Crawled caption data
· · · · · · ·

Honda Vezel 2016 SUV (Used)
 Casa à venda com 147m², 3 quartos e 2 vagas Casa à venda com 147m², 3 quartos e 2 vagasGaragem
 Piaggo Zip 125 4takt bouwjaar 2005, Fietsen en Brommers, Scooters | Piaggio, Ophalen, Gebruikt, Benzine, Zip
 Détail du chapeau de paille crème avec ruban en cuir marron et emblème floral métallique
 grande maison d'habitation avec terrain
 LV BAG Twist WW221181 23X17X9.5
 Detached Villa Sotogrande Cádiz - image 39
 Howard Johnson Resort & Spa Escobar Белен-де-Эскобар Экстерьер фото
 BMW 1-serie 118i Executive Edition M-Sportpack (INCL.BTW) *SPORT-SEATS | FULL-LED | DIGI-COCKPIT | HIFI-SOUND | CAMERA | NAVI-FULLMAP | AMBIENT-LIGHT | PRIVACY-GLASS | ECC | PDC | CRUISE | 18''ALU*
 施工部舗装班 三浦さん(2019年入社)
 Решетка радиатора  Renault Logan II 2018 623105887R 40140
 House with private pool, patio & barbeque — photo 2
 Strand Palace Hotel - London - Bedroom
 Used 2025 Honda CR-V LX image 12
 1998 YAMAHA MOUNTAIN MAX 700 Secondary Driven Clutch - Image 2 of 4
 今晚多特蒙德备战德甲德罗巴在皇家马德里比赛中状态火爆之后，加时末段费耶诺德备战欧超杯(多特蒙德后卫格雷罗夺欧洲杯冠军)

· · · · · · ·

### Brief
After reading the entries, reproduce every one of them exactly.

### Response area
Honda Vezel 2016 SUV (Used)
 Casa à venda com 147m², 3 quartos e 2 vagas Casa à venda com 147m², 3 quartos e 2 vagasGaragem
 Piaggo Zip 125 4takt bouwjaar 2005, Fietsen en Brommers, Scooters | Piaggio, Ophalen, Gebruikt, Benzine, Zip
 Détail du chapeau de paille crème avec ruban en cuir marron et emblème floral métallique
 grande maison d'habitation avec terrain
 LV BAG Twist WW221181 23X17X9.5
 Detached Villa Sotogrande Cádiz - image 39
 Howard Johnson Resort & Spa Escobar Белен-де-Эскобар Экстерьер фото
 BMW 1-serie 118i Executive Edition M-Sportpack (INCL.BTW) *SPORT-SEATS | FULL-LED | DIGI-COCKPIT | HIFI-SOUND | CAMERA | NAVI-FULLMAP | AMBIENT-LIGHT | PRIVACY-GLASS | ECC | PDC | CRUISE | 18''ALU*
 施工部舗装班 三浦さん(2019年入社)
 Решетка радиатора  Renault Logan II 2018 623105887R 40140
 House with private pool, patio & barbeque — photo 2
 Strand Palace Hotel - London - Bedroom
 Used 2025 Honda CR-V LX image 12
 1998 YAMAHA MOUNTAIN MAX 700 Secondary Driven Clutch - Image 2 of 4
 今晚多特蒙德备战德甲德罗巴在皇家马德里比赛中状态火爆之后，加时末段费耶诺德备战欧超杯(多特蒙德后卫格雷罗夺欧洲杯冠军)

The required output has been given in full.